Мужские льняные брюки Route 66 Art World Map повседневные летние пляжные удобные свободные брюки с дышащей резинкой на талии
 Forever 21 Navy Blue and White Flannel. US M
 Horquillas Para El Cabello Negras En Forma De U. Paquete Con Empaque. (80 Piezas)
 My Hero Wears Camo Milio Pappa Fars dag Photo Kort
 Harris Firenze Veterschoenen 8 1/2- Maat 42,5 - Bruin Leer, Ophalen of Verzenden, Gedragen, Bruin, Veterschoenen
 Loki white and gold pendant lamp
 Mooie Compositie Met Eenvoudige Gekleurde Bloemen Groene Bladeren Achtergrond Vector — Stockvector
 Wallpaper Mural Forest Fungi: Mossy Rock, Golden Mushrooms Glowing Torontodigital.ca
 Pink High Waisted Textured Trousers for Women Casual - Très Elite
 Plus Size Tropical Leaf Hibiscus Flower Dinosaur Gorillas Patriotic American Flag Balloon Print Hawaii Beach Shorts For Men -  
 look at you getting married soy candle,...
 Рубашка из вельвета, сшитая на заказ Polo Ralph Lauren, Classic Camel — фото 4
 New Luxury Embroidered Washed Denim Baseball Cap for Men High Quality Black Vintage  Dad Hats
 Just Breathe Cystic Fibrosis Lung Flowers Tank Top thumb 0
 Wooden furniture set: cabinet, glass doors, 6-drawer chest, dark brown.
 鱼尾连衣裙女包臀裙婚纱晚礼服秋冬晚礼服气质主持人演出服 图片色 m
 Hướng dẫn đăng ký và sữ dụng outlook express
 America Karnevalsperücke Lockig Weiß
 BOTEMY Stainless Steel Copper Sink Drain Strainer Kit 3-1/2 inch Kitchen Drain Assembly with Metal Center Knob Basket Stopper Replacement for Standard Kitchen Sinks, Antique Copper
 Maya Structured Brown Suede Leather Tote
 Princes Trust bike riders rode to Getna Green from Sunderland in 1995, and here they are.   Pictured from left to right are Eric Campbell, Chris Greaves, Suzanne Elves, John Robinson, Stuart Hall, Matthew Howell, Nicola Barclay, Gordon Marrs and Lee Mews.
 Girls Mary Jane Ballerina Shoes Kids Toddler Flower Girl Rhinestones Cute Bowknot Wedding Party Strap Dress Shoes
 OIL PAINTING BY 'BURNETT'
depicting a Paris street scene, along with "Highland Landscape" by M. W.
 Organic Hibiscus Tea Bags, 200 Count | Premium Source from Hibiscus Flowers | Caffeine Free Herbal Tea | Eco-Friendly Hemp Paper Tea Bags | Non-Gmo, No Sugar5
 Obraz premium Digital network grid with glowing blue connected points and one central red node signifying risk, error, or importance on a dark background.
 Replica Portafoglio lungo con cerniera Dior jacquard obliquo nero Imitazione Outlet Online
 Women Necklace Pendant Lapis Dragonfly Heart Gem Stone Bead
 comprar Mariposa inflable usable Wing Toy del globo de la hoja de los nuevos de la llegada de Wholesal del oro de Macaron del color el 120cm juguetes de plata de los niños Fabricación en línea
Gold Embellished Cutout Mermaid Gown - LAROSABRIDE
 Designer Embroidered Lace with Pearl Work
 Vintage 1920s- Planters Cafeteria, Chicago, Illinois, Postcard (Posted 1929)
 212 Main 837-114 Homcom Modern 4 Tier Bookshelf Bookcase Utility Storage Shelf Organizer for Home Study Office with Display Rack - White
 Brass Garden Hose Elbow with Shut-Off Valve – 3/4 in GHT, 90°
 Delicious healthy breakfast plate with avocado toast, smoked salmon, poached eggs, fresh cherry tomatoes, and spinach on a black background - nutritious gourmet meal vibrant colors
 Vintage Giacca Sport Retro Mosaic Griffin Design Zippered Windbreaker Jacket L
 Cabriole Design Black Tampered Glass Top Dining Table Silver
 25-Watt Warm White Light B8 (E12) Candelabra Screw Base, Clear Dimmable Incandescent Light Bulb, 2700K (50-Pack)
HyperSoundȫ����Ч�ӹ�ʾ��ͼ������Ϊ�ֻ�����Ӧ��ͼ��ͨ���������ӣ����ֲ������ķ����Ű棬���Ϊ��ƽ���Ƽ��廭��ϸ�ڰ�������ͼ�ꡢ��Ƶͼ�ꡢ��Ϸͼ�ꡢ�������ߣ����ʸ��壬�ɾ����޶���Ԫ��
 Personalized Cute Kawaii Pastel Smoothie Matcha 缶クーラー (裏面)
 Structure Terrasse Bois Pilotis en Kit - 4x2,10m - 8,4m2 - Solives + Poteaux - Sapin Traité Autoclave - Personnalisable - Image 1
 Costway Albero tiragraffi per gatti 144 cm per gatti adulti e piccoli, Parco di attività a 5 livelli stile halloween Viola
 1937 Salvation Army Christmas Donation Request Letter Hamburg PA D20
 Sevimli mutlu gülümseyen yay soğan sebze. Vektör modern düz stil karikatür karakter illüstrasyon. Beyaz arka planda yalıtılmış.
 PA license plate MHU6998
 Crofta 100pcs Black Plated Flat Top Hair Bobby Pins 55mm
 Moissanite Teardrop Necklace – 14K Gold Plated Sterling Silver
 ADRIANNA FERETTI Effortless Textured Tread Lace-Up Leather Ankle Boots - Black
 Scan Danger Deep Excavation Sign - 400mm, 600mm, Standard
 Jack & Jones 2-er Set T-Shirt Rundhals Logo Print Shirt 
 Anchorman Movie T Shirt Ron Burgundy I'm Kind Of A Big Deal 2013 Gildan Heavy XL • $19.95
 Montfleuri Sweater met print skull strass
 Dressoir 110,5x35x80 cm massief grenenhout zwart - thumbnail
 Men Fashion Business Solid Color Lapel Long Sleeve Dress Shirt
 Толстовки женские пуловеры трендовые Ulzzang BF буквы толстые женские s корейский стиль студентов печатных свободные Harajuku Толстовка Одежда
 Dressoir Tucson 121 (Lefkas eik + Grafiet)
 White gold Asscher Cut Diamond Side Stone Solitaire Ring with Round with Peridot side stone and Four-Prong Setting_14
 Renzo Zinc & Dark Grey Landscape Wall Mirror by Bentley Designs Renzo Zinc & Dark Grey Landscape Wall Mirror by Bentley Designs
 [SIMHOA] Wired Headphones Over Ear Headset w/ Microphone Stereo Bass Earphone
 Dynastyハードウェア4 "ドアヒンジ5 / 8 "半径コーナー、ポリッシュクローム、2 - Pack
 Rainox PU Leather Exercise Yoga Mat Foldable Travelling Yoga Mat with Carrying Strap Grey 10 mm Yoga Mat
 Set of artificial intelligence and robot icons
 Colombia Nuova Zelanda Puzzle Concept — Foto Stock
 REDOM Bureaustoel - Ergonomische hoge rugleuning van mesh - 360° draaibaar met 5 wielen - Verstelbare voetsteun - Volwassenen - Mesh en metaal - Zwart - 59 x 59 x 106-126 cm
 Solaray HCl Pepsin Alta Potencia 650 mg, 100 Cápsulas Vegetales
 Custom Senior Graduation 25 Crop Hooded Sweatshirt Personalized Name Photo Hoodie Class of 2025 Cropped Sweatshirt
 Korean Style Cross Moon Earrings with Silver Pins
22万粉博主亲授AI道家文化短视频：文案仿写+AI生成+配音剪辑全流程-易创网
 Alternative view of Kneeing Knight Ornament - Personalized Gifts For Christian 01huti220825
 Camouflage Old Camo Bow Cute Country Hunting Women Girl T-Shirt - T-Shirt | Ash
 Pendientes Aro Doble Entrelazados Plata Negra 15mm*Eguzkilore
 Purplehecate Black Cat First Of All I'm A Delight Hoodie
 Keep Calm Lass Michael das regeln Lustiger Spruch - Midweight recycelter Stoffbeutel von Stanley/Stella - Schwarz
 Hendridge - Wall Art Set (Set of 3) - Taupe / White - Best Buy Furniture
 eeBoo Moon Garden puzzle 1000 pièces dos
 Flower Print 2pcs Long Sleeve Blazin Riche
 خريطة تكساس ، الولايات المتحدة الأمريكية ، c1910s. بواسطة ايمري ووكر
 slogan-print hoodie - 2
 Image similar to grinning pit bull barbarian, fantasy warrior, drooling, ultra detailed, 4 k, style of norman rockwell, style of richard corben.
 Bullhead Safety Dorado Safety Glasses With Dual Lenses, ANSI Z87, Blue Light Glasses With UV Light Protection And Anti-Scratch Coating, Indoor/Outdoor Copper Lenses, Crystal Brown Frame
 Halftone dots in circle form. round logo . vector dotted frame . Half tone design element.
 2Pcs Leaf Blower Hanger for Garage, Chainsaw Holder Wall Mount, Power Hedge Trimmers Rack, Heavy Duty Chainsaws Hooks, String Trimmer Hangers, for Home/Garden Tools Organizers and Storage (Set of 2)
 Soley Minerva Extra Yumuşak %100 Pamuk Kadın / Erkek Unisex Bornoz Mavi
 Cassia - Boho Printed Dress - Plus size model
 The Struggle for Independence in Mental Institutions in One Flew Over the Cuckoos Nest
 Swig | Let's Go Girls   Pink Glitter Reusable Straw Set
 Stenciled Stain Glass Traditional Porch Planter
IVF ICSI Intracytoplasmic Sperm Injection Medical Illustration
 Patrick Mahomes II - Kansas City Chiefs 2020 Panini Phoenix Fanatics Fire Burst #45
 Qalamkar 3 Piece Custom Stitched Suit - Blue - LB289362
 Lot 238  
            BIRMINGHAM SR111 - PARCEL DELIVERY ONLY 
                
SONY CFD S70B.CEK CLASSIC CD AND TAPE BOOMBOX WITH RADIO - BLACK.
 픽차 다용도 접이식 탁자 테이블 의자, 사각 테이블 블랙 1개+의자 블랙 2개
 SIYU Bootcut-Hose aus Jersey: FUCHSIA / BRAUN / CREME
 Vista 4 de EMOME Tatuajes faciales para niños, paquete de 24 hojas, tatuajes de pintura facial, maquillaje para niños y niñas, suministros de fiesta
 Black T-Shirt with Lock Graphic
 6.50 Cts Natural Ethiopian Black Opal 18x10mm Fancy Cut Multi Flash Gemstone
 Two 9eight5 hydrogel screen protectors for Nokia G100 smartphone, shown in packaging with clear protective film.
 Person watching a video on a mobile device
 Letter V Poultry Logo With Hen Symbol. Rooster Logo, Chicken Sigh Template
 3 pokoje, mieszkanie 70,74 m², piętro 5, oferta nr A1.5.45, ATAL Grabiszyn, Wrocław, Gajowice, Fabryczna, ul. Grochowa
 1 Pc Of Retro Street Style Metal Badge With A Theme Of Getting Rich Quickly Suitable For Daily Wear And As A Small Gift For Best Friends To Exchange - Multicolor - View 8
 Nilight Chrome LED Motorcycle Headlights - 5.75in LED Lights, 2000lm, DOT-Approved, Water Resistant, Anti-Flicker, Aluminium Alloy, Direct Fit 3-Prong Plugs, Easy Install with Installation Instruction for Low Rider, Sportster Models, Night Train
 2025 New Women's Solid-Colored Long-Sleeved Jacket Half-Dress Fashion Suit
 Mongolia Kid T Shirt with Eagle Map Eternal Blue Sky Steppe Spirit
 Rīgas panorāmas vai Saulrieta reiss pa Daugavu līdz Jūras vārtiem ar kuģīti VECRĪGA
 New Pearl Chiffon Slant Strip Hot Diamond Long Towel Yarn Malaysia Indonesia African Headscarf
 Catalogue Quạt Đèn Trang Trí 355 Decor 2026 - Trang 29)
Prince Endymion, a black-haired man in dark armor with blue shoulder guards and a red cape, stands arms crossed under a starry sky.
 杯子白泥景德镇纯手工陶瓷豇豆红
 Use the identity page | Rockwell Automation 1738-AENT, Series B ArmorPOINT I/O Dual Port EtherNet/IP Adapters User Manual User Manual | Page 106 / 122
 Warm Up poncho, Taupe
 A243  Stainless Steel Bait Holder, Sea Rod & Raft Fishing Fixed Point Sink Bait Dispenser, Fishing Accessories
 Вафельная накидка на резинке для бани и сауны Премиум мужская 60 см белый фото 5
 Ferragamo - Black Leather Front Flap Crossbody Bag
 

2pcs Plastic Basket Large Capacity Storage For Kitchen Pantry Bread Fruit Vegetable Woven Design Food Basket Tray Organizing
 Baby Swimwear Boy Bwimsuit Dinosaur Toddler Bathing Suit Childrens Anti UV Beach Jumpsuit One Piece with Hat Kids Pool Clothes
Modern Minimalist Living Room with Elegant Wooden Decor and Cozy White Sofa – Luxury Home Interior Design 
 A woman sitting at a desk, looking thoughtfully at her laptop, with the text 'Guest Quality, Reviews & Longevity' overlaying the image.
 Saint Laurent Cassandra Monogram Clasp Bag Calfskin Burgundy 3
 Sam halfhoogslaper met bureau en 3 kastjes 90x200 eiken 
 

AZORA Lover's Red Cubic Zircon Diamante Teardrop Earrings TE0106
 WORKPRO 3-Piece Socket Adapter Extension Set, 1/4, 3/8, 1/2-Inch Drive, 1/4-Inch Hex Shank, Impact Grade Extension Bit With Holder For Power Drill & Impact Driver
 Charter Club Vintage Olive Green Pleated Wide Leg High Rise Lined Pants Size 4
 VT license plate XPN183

==================================================

** What to do **
Return a word-for-word copy of the lines from the beginning of the listing to the line holding "Mooie Compositie Met", both kept.

** Finished task **
Мужские льняные брюки Route 66 Art World Map повседневные летние пляжные удобные свободные брюки с дышащей резинкой на талии
 Forever 21 Navy Blue and White Flannel. US M
 Horquillas Para El Cabello Negras En Forma De U. Paquete Con Empaque. (80 Piezas)
 My Hero Wears Camo Milio Pappa Fars dag Photo Kort
 Harris Firenze Veterschoenen 8 1/2- Maat 42,5 - Bruin Leer, Ophalen of Verzenden, Gedragen, Bruin, Veterschoenen
 Loki white and gold pendant lamp
 Mooie Compositie Met Eenvoudige Gekleurde Bloemen Groene Bladeren Achtergrond Vector — Stockvector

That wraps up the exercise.